§ What you will do: Copy out, exactly as written, only the line containing "Bestway Pool Filter" and the lines after it through the end of the records.

####################

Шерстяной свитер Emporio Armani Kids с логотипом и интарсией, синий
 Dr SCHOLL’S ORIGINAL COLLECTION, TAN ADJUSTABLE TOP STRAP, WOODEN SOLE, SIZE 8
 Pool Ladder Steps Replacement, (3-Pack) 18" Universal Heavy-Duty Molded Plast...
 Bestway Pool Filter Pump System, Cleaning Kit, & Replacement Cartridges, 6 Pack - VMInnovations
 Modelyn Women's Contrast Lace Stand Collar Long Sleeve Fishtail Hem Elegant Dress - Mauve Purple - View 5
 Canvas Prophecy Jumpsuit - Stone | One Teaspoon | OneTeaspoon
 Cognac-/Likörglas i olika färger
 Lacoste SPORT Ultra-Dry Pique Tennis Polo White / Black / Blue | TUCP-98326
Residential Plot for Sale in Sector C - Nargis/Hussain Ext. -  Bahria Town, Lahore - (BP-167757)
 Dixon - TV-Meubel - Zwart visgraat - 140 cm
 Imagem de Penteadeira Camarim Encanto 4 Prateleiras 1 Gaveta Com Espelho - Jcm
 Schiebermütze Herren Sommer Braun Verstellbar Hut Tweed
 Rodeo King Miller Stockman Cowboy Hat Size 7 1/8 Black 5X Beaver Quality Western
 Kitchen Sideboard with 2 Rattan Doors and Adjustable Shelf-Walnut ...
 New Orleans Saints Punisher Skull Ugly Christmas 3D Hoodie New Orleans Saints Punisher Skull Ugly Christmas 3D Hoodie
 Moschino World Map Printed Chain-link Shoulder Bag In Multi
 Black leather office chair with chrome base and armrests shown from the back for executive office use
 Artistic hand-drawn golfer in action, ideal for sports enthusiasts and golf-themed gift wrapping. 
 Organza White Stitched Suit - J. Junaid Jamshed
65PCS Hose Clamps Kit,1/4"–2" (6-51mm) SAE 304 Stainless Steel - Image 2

####################

§ Response to this task:
 Bestway Pool Filter Pump System, Cleaning Kit, & Replacement Cartridges, 6 Pack - VMInnovations
 Modelyn Women's Contrast Lace Stand Collar Long Sleeve Fishtail Hem Elegant Dress - Mauve Purple - View 5
 Canvas Prophecy Jumpsuit - Stone | One Teaspoon | OneTeaspoon
 Cognac-/Likörglas i olika färger
 Lacoste SPORT Ultra-Dry Pique Tennis Polo White / Black / Blue | TUCP-98326
Residential Plot for Sale in Sector C - Nargis/Hussain Ext. -  Bahria Town, Lahore - (BP-167757)
 Dixon - TV-Meubel - Zwart visgraat - 140 cm
 Imagem de Penteadeira Camarim Encanto 4 Prateleiras 1 Gaveta Com Espelho - Jcm
 Schiebermütze Herren Sommer Braun Verstellbar Hut Tweed
 Rodeo King Miller Stockman Cowboy Hat Size 7 1/8 Black 5X Beaver Quality Western
 Kitchen Sideboard with 2 Rattan Doors and Adjustable Shelf-Walnut ...
 New Orleans Saints Punisher Skull Ugly Christmas 3D Hoodie New Orleans Saints Punisher Skull Ugly Christmas 3D Hoodie
 Moschino World Map Printed Chain-link Shoulder Bag In Multi
 Black leather office chair with chrome base and armrests shown from the back for executive office use
 Artistic hand-drawn golfer in action, ideal for sports enthusiasts and golf-themed gift wrapping. 
 Organza White Stitched Suit - J. Junaid Jamshed
65PCS Hose Clamps Kit,1/4"–2" (6-51mm) SAE 304 Stainless Steel - Image 2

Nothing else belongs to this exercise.